Wiem, że przyczyną nieobecności pewnych rzeczy mogłoby być problemy licencyjne. Dobrze, tylko wtedy pojawia się właśnie to pytanie – robić coś w ogóle, czy robić dobrze? Moim zdaniem – robić dobrze. Może trzeba było powiercić dziurę w brzuchu właścicielom praw jeszcze jakiś czas – może by  zmiękli. Najwyżej zamiast w tym roku, ukazałoby się na przykład za trzy lata, w sześćdziesiątą rocznicę urodzin Redaktora. Tłumaczenia, że niby to miała być raczej muzyka z lat dziewięćdziesiątych „raczej” mnie nie przekonują. I  tak to wszystko wyszło, jak niektóre przedsięwzięcia Clarksona i jego kolegów z Top Gear  – ambitna porażka. Tylko, że z tamtych można było się pośmiać, bo to było dla jaj, a tu zrobiono coś na poważnie i można tylko zapłakać. Łazi mi też po głowie pewna wredna myśl i nie bardzo chce się  ode mnie odczepić – a może po prostu kilku sprytnych łepsów postanowiło ustukać łatwo i szybko kilka złotych, wykorzystując do tego pamięć po Tomku? Wiem, wredna insynuacja, ale sądząc po tym, jak to zostało zrobione i jakim kształcie ujrzało to światło dzienne, dosyć prawdopodobna.

Reasumując – koszmarna okładka, wątpliwy dobór repertuaru. Ogólnie wtopa i pomyłka. Do dołu z wapnem.

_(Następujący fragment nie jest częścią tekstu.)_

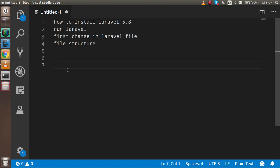Hello guys, welcome back. In this Laravel video tutorial, we are going to learn how we can install Laravel 5.8. These are the major steps we are going to do during this video. First, we will learn how to install Laravel 5.8, then run Laravel.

A tak już zupełnie  na  koniec. Kolekcja płytowa Tomka liczyła około czterech tysięcy kompaktów – oryginałów, nie mówię o CDRach. To wszystko przekazał w testamencie Trójce. Przez te kilkanaście lat, jakie upłynęły od jego śmierci wszystkie te płyty kurzą się pewnie na jakimś strychu, bo trudno coś z tego było usłyszeć w czyichkolwiek audycjach. Może zostały już co nieco rozkradzione, co byłoby najlepszym wyjściem, bo ktoś ich wreszcie słucha. Jeżeli to ma tam tak butwieć i zabierać miejsce, to może niech redakcja wystawi to wszystko na licytacje na allegro, a zdobyte w ten sposób fundusze przeznaczy na jakiś zbożny cel. A jest tam  bardzo dużo ciekawych rzeczy – na przykład japońskie (lub koreańskie) wydania płyt Hammilla czy VDGG (pełne, dwupłytowe „Vital”, za które Tomek zapłacił, o ile mnie pamięć nie myli około 40 dolarów. A to było 40 dolków na początku lat dziewięćdziesiątych).Do tego Freudiana (30 juro na Amazonie), pierwsze wydania płyt Bowiego z bonusami and many more. Byłoby się czym ucieszyć.